Fresh produce companies are faced with a stark choice, according to the latest industry analysis from Plimsoll - hold on to sales at reduced margins, or opt to reduce in size and scale.

The latest findings from the analyst show that 2008 has not been a comfortable year and economic conditions are accelerating the rate of change in the market.

To put this into context, 342 of the 1,200 firms analysed by Plimsoll are losing money - a direct consequence of rising costs and price reductions, set against a slowing market.

Of most significance is the amount of fresh produce firms using an overdraft as a permanent means of finance - a dangerous position for any company to find itself in, said Plimsoll senior analyst David Pattison. “The banks are taking a critical look at all unsecured finance and are reassessing their exposure to small businesses,” he said. “This could leave these firms in a position where their overdraft would need paying back on demand. Many of these firms simply cannot afford to do this.”

At least 207 companies identified in the analysis are running a dangerously high chance of failure, unless their problems are addressed.

Plimsoll analysed previously failed companies, and noticed two characteristics in eight out of 10 buinesses. First, the financial performance of the company is allowed to slide; costs are not brought under immediate control and, as a knock-on effect, debts increase and interest payments then further deplete profitability.

Second, an outside factor often hits the company, such as the loss of a large contract, a bad debt, or a slowdown in business. The failing company simply does not have the financial resources to adjust in time and the inevitable occurs.

However, there is some good news. Proving their resilience, 168 of the 1,200 firms analysed have reported a return to profit after having previously reported losses - a result of tighter cost control and a reduction in overheads.

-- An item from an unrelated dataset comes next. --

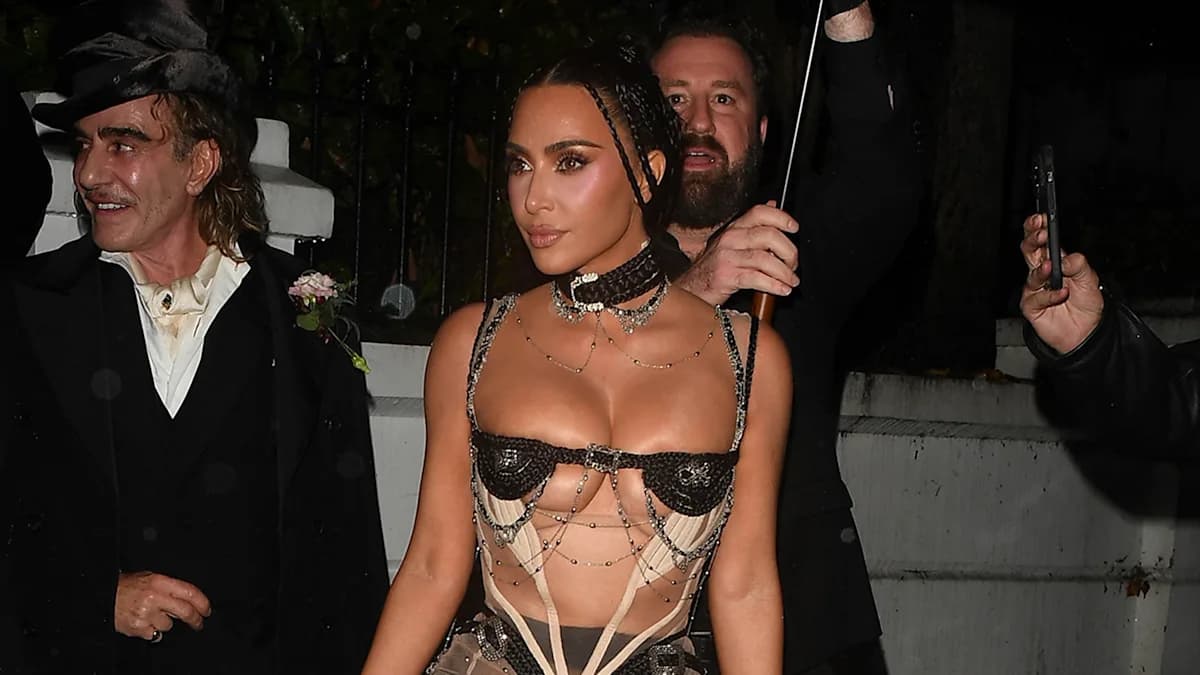 Kim Kardashian’s Birthday Bash: Corsets, Confidence, and a Touch of London Flair!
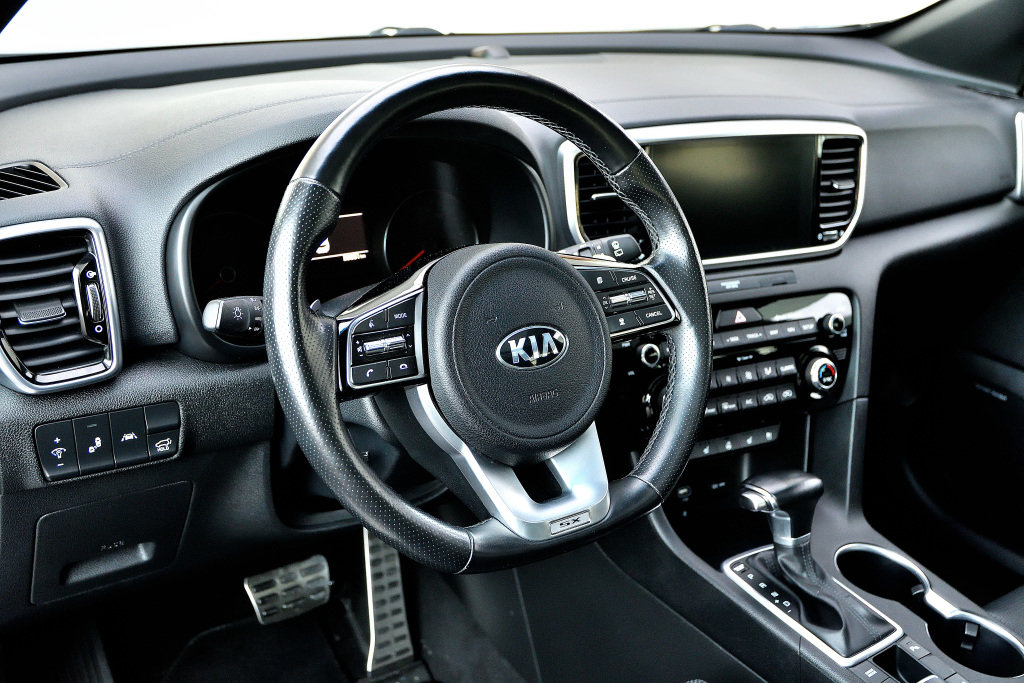 Used 2020 GRIS Kia SX / AWD / Navigation / Toit Ouvrant / Carplay image 13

Short term, Plimsoll predicts increased acquisition activity. There will be “the classic distress sales as predators are able to profit from other’s misfortunes, snapping up essentially sound businesses at bargain prices,” said Pattison. “Larger players in the market may use the opportunity to snap up smaller players in the market who add value to their core business. These companies will be prepared to pay well for these niche companies, as they offer a clear and easy route to new markets.”